Why? Well, the Just publisher is formed with the current date instantly when a value arrives from upstream. But a .delay operator doesn’t actually publish until the delay has elapsed. And we have said that we only want to produce one publisher at a time. So the .flatMap operator requests just one value from the Sequence publisher: it sends a demand of .max(1), and the 1 arrives, and the Just is created — and then nothing happens for ten seconds, while the .delay operator waits ten seconds. Then the inner publisher publishes, the published Date value is sent downstream, and at long last the .flatMap operator turns around to the upstream and sends another demand of .max(1), and the 2 arrives — and so on.

So the use of maxPublishers effectively throttles the pipeline by exerting backpressure in accordance with the actual publication rate of the inner pipeline.

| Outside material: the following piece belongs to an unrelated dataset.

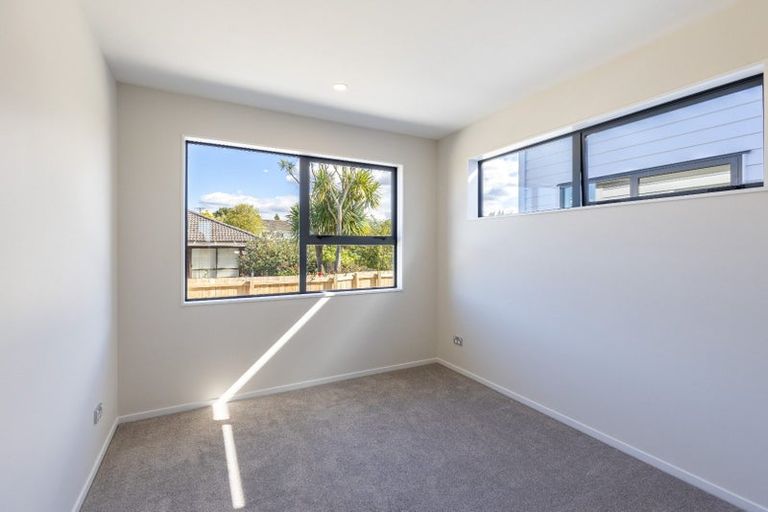 Photo of property in 6d Kaweka Street, New Lynn, Auckland, 0600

Once again, we can use this feature of .flatMap to serialize asynchronicity. But this time we are serializing our own asynchronicity — the asynchronicity of the map function publishers themselves.

For a more practical example, let’s return to the idea of fetching over the network from a sequence of URLs:

let urls = [
    "https://www.apeth.com/pep/manny.jpg",
    "https://www.apethh.com/pep/moe.jpg",
    "https://www.apeth.com/pep/jack.jpg"
]
urls.map(URL.init(string:)).compactMap{$0}.publisher
    .flatMap { url in
        URLSession.shared.dataTaskPublisher(for: url)
        .replaceError(with: (data: Data(), response: URLResponse()))
    }

The URLs may arrive sequentially, but the data tasks all run simultaneously — they are all started immediately, and their results may arrive in any order, depending on how long each network request takes to complete. That might not be what we want. (For instance, we might feel that it puts an unnecessary strain on the network.) Simply using maxPublishers: solves the problem:

urls.map(URL.init(string:)).compactMap{$0}.publisher
    .flatMap(maxPublishers:.max(1)) { url in

Now no network request starts until the previous network request has completed. Only one request is posted to the URLSession at a time, and the results are guaranteed to arrive in the same order as the original URLs — in this case, that will be the data for manny.jpg, empty data for moe.jpg (because it’s a bad URL), and the data for jack.jpg.

NOTE: Using backpressure in that way can cause values emitted by the upstream publisher to be lost, because the .flatMap is still “busy” with the existing publisher when the new value would arrive from upstream. A possible solution to that is to use a buffer.